Improvement of sap flow estimation by including phenological index and time-lag effect in back-propagation neural network models

Abstract

Sap flow is an important indicator reflecting water transport in a soil-plant-atmosphere continuum system. Therefore, identifying the effects of different factors on sap flow is imperative for understanding its physiological responses to environmental conditions and other associated ecological processes. However, conventional statistical methods have produced unsatisfactory results due to the complex and nonlinear relationship between sap flux density (vs) and its driving factors. This study illustrated the utility of the back-propagation (BP) neural network method for sap flow estimation and compared the performance of BP models with the multiple-linear regression (MLR) technique. Based on the measured sap flow of Pinus massoniana in the field, three-layer BP models trained by the Levenberg-Marquardt algorithm were developed with an architecture of 4-10-1, corresponding to four, ten and one nodes in the input, hidden and output layers, respectively. The BP models were trained and validated in the MATLAB environment with four different combinations of air temperature (Ta), relative humidity (RH), average net radiation (ANR) and the phenological index.

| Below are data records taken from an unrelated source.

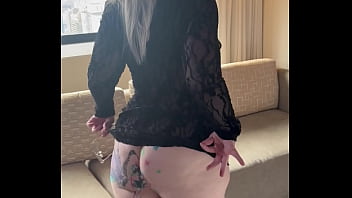 Dad bod pov volume 1 full dvd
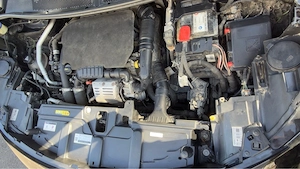 Peugeot 3008 Allure 1.2 PureTech 130 CP   Automată - imagine 10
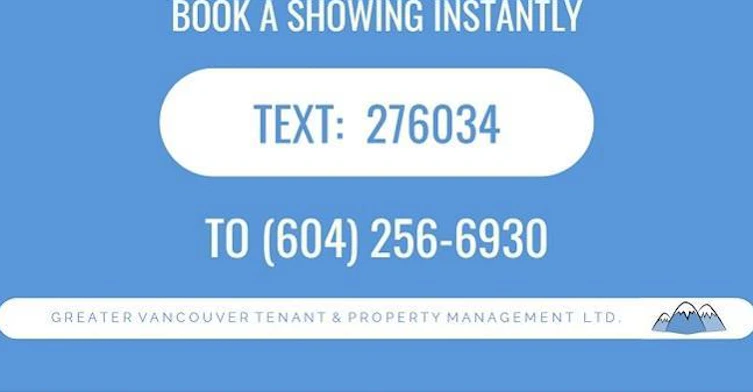 418-8379 201 Street, Langley, BC, V2Y 3S6 - 13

High degrees of correlation were observed between the measured and simulated results by BP, and the coefficients of determination (R2) and fitting accuracies (Acc) (greater than 0.9 and 80%, respectively) were higher than the corresponding values from the MLR (0.78 and 69%, respectively). Furthermore, the performance of the BP models could be greatly improved by including the phenological index and a time-lag effect, thereby suggesting that these two factors were crucial variables in modelling vs by BP approaches. The BP models were also tested with cross-validation method and 50% of the collected data that were not used in model development. We conclude that the BP model had a higher degree of accuracy in predicting sap flow due to its superior performance for complicated, nonlinear and uncertain processes, especially with inclusion of the phenological index and time-lag effect.